With generosity of spirit,
Tracey & Miles
Long-time friends and members of the Hot Potato Auto Racing Team, the three of us normally travel together for racing events throughout North America. When we were looking for a new adventure, we briefly considered the Ice Run, but we’re from Canada and drive an Ural year-round, so that really seemed like just another day. The Rickshaw Run seemed like a fairly calm and relaxing change of pace, and a great way to draw some attention to our causes – Cool Earth, Free the Children and the Veterans Food Bank.
Miles (The Brains)
Instigator, inspirer, and ingenious mind.
Early years: playing bagpipes & racing a luge to the Olympics
Role on the Hot Potato Race Car Team: Team Manager, Speedy Driver, Mechanic, Chef
Adventure Credentials: Travelled around the world overland, drove an Ural sidecar rig through 20 countries & 3 continents, and took passage on a cargo ship across the Atlantic.
Normal mode of transport: Very fast, frighteningly fast & blindingly fast.
Driving accidents: Nothing that everyone hasn’t walked away from (unless you count the luge).

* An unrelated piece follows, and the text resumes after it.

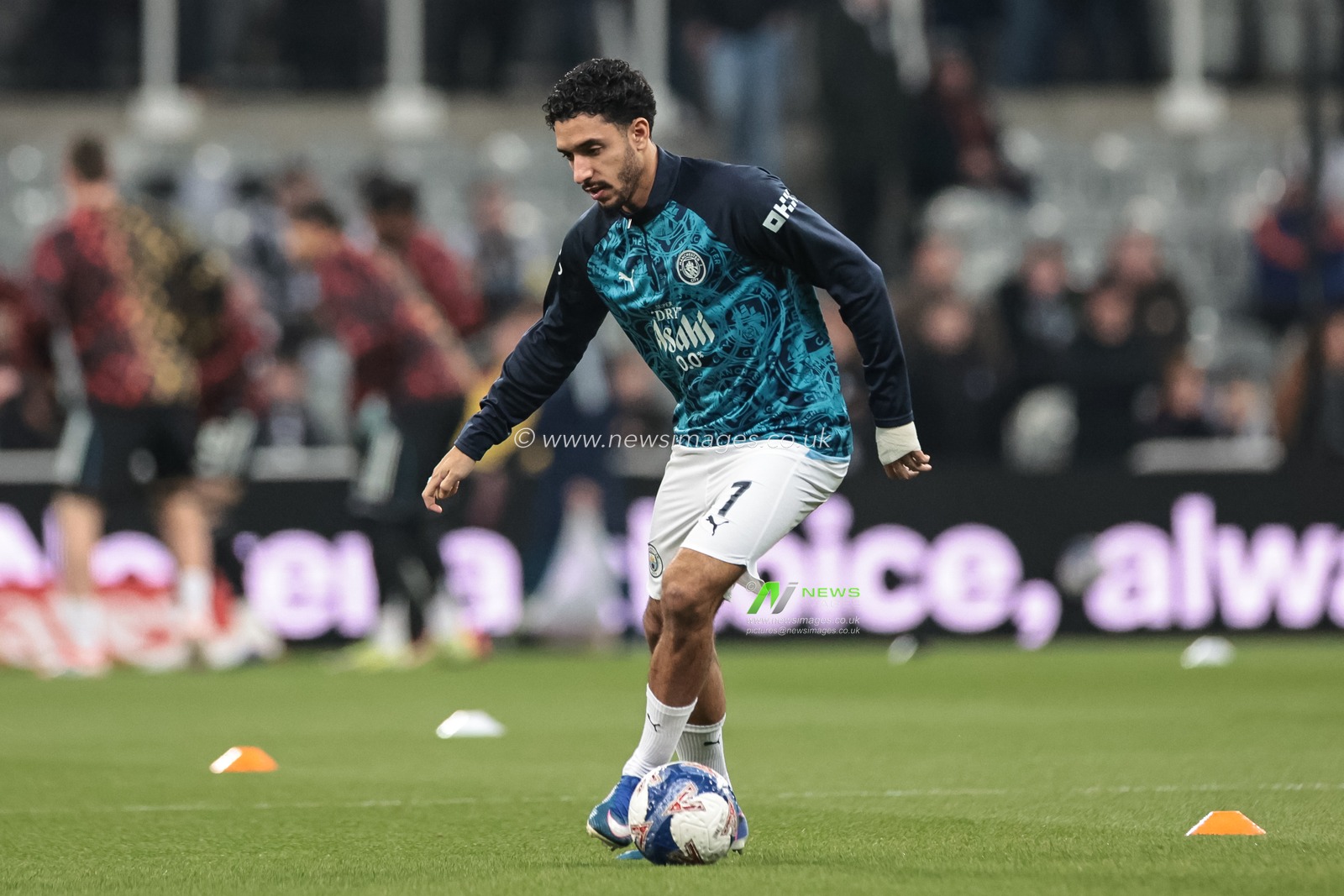 Omar Marmoush of Manchester City in the pregame warmup session during the Emirates FA Cup 5th Round  match Newcastle Untied vs Manchester City at St. James's Park, Newcastle, United Kingdom on 07 March 2026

Most likely to be found … enjoying a gourmet meal I whip up on the side of the road.
Tracey (The Beauty 😉
Detailed, delicate and derailed.
Age: I’m neither a wine nor a cheese, so it doesn’t matter.
Most comfortable language: Charades.
Early years: Working my way through University as a fashion model. Yes, that was a long, long time ago.
Role on the Hot Potato Race Car Team: Umbrella girl.
Adventure credentials: 25 years side-by-side with Miles…need I say more?
Most spontaneous adventure: Flying half way around the world for a birthday weekend.
Normal mode of transport: Karmann Ghia
Most likely to be found … sipping a mango lassi.
Richard (The Brawn)
Handy, hard- working, and hardly ever at home
Age: Old enough to know better.
Family: Father to Sarah, husband to Nancy. They’ll both be cheering on the team and following along from 11,000 km away. Sarah is counting the days until she’s old enough for a motorcycle license & her own Rickshaw Run.
Early years: Milking cows (before the dawn of robots)
First time managing motorized handlebars: Seriously? At the age of 5, I was herding cows on a homemade scooter.
Role on the Hot Potato Race Car Team: Transport driver, Paddock manager.
Adventure credentials: No stranger to conflict zones, Richard has been part of several U.N. missions and maneuvered through some of the world’s toughest conditions.
Driving accidents: None… yet.
Bionic part: Hip
Most likely to be found … munching on something out of a crinkly cellophane bag.